In November 2015, the Delaware Supreme Court bolstered the protection afforded to majority or controlling stockholders seeking to buy out the minority, provided that the transaction is structured in accordance with the requirements it had earlier set forth in Kahn v. M&F Worldwide Corp., 88 A.3d 635 (Del. 2014) (MFW). In a summary order, the court affirmed Vice Chancellor J. Travis Laster’s transcript ruling in Swomley v. Schlecht, C.A. No. 9355-VCL (Del. Ch. Aug. 27, 2014) (TRANSCRIPT), which held that it is appropriate to determine at the pleading stage whether a controlling stockholder transaction complies with MFW’s requirements and is, therefore, within the protective ambit of the business judgment rule. Swomley v. Schlecht, No. 180, 2015 (Del. Nov. 19, 2015) (ORDER).

The court’s affirmance is significant because it resolves the issue raised by MFW’s Footnote 14 — which noted that the pleading in that action would have survived a motion to dismiss — that led at least some commentators to believe that whether a transaction complied with MFW’s structural requirements could only be decided on a motion for summary judgment or after a full trial on the merits. The Swomley affirmance confirms that the benefit of disposing with litigation challenging the transaction at the pleading stage is available to a controlling stockholder who chooses to comply with MFW by providing minority stockholders with the protections afforded by the combination of an independent special committee and a “majority-of-the-minority” vote.

The ‘MFW Standard’ for Reviewing Controlling Stockholder Transactions

Although it had been nibbling at the question since 2005’s In re Cox Communications, Inc. Shareholders Litigation, 879 A.2d 604 (Del.

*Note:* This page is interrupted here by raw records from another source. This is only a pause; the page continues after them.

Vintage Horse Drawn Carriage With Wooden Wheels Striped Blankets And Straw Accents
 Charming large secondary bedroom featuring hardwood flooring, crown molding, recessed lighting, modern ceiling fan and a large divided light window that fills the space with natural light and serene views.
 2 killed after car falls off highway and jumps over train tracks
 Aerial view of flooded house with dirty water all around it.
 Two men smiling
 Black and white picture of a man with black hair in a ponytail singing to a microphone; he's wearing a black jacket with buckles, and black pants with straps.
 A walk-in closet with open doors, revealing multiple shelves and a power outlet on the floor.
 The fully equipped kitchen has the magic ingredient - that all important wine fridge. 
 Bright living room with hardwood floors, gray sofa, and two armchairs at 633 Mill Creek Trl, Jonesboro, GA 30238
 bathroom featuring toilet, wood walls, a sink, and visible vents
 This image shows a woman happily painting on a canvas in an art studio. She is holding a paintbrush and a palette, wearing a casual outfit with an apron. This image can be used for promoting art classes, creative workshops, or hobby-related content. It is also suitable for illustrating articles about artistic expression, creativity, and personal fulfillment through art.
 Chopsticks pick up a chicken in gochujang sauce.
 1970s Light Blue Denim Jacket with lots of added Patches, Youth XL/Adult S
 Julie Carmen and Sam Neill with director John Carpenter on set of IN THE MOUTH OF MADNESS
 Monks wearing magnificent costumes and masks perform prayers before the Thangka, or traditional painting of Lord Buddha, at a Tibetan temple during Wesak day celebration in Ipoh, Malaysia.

Ch. 2005), in its 2013 opinion in In re MFW Shareholders Litigation, 67 A.3d 496 (Del. Ch. 2013), aff’d, Kahn v. M&F Worldwide Corp., 88 A.3d 635 (Del. 2014), the Delaware Court of Chancery squarely addressed the issue of what standard of review should apply to a going-private merger conditioned upfront by the controlling stockholder on approval by both a properly empowered, independent committee and an informed, uncoerced majority-of-the-minority.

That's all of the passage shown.